» TASK PROMPT
Whatever precedes the line containing "Photo - 110 Oriole Pkwy Unit 401" is not copied; that line and every line after it through the final one below are copied exactly, except pictures.

» INFORMATION PROVIDED
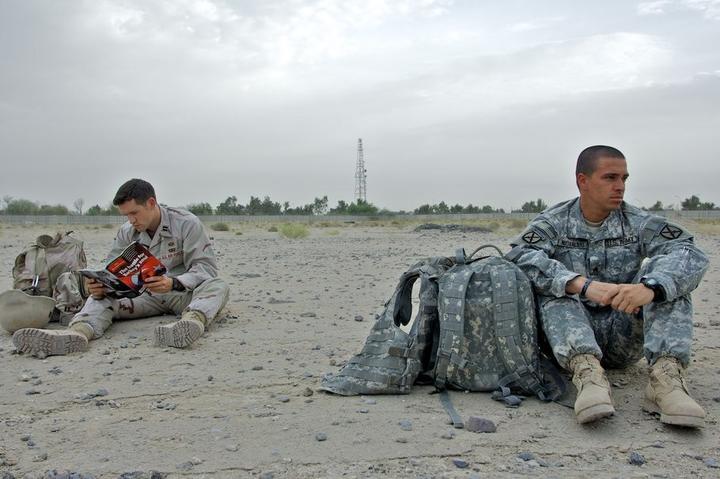 Warten im Krieg. Amerikanische Soldaten im Irak (Bild Fabian Biasio).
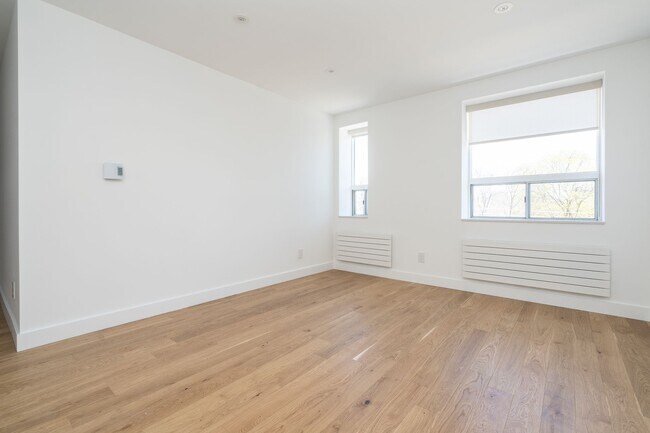 Photo - 110 Oriole Pkwy Unit 401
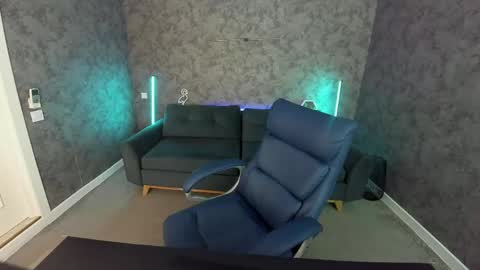 Torry online show from April 15, 7:38 pm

» OUTPUT OF THE EXERCISE
 Photo - 110 Oriole Pkwy Unit 401
 Torry online show from April 15, 7:38 pm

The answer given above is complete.